Taylor may not have the ideal bio of a blue chip RB. He didn't play at Ohio State. He played at Toledo. He's not 5'11 230 like Lewis; he's 5'11 213. He doesn't have 4.4 speed; rather he's closer to 4.6. If he was just a little faster or a little bigger then chances are he would have been picked in the first 3 rounds. But, because he isn't that big and isn't that fast, and because he didn't have that Big 10 or other major conference pedigree, 206 players were picked before Taylor.
The Ravens, though, may have gotten themselves a late round gem. Taylor has that slashing downhill style that has become very effective in the NFL (think Denver). Despite his size, he's got good power and shows a willingness to take on tacklers. While he'll never be a breakaway threat, he does have a nice explosion and an ability to cut back against the grain to get to the outside if need be. He has also shown that he can succeed against the big boys, with 141 yards and 186 yards against Penn State and Minnesota respectively, in the last two years.
Taylor is playing a position that is notorious for having successful middle and late round rookies. He does need to improve his presence in the passing game, as well as his blocking (always a key in the
Billick/Cavanagh offense), but guys like Curtis Martin, Terrell Davis, Mike Anderson, and even undrafted free agent Dominic Rhodes have proven that the learning process for a rookie is not very high. After all, when all is said and done, despite different offenses and different personnel, the concept for a RB is basically the same no matter where he plays.... take the ball and run son.

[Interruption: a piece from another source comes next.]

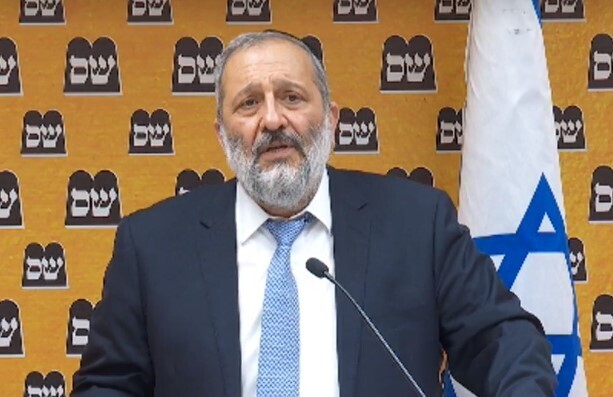 השר דרעי. "חרג ממתחם המהירות הראויה" בקבלת ההחלטה (צילום: ערוץ כנסת) ישיבת סיעה ש"ס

The most the Ravens can probably expect from Jamal Lewis this year is about 250 carries. Every team in the league last year ran the ball at least 350 times, and all but 4 ran it over 400. The Ravens will almost certainly run the ball 400 times this upcoming season as well. Well, if Taylor establishes himself as the No. 2 to Lewis, he figures to get the bulk of those extra 150+ carries. This translates to about 10 carries a game for Taylor, more likely more early in the season. The more the Ravens are able to rest Jamal Lewis earlier in the year, the more likely he is to be fresh and effective throughout the season, and the more likely Chris Redman will be effective. Well, the only way the Ravens will be able to rest Lewis, is if Taylor or another RB becomes that effective second runner who the Ravens can count on to carry the load
in those times that Lewis won't be available.
By all accounts, Taylor has looked impressive in early camps, light years ahead of 2001 5th round draft choice Chris Barnes. It's hard to tell much in shorts. The proof in the pudding will come when training camp opens and more importantly when the Ravens start to lace them up and play for real....or actually not so real in August.
The memory of Barnes is a bad one for the Ravens and all their fans, but I'll leave you with a happy memory. One guy who Taylor has often been compared to is Priest Holmes, who after all is the guy the Ravens have truly been trying to replace since he left in April of 2001. If he turns out to be even near the player Holmes has turned out to be, the Ravens will be ecstatic.